Even before this nation came into being, the citizens of the colonies were people of the trades. It was the freedom of commerce that brought in immigrants and forged a nation out of disparate groups. But, it was unfair taxation that pulled together every one of the founding fathers that were farmers, skilled tradesmen, businessmen and workers whose lives were affected. Washington and Jefferson were cash strapped farmers, Franklin was perhaps, the first true entrepreneur, and Hamilton was a precocious teen book keeper in the Caribbean, with a complete understanding of humans as “trading animals” with ambitions, as well as greed. Ironically, Washington, as a farmer, was the “CEO” of a larger operation at his Mount Vernon, than when he was the president, in terms of men under his command.
We don’t have to peer deep into their psyches to know that these founders were, more than anything, agnostic humanists, interested in the concept of commerce and profit; which was the first civil activity of humanity anyway, even before farming, that required individual initiative and freedom from the shackles of governance, and particularly, the forms of governments that existed from antiquity through the mid 20th century. And even today, there are governments that are the antithesis to basic human freedoms, let alone freedom of commerce. Let’s take a look at the kinds of ideas the founding fathers pursued, in order to shape what we today call a superpower.
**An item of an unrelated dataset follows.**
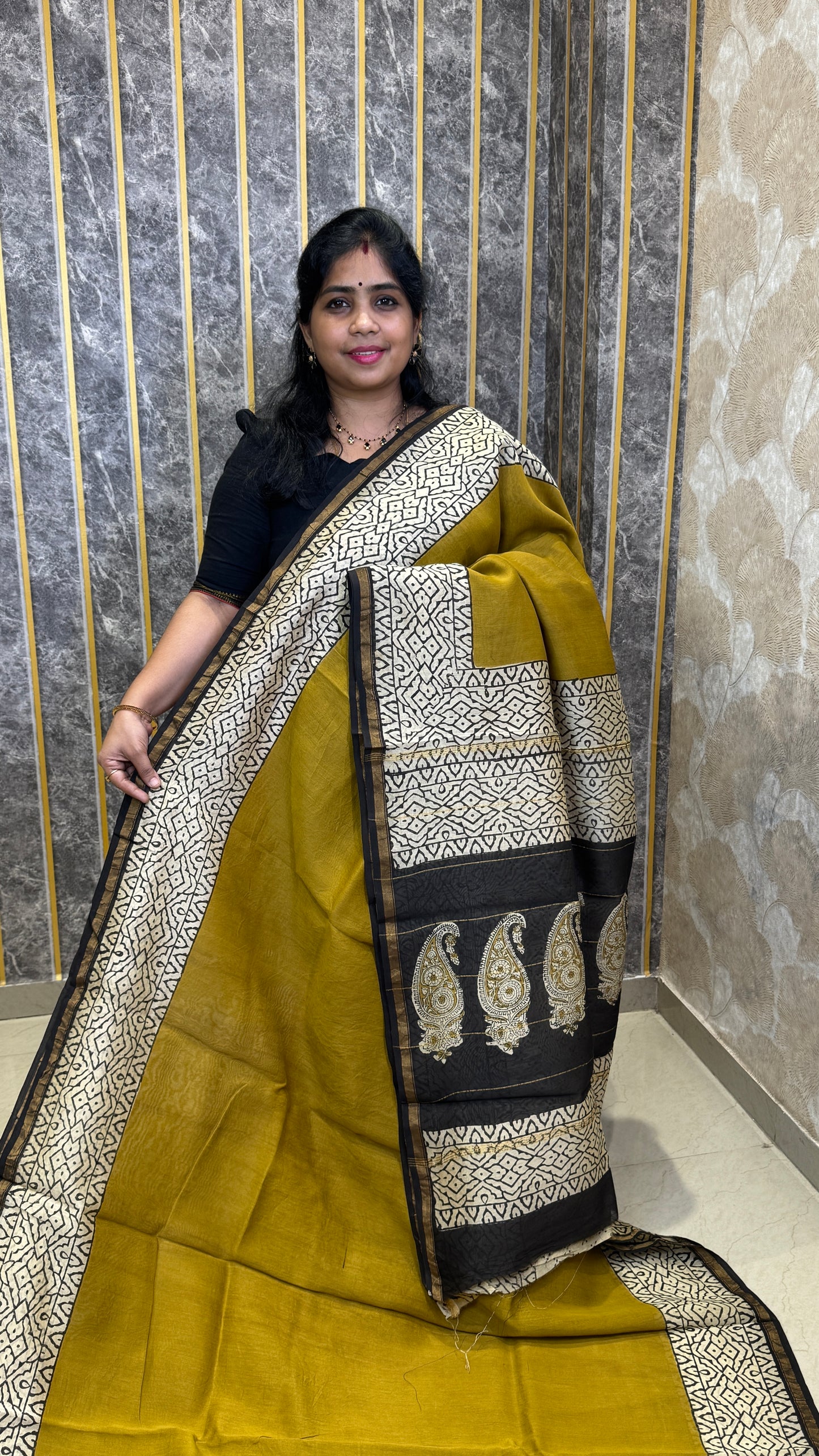 Block Printed Chanderi Silk Saree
George Washington’s farewell address at the end of his presidency seeded two critical issues: “preserving the union and the diffusion of knowledge.” America, was actually conceived in an era that is commonly acknowledged as the “age of enlightenment” or “the great age of reason” and science was considered the pinnacle of human expression and rationality. Despite the conventional belief that our founding fathers were men of god, which they may very well have been, but they, unequivocally, were first and foremost, men of science and commerce, especially men like Adams, Franklin, Jefferson, Madison , Hamilton, Pinckney and Washington to a great extent.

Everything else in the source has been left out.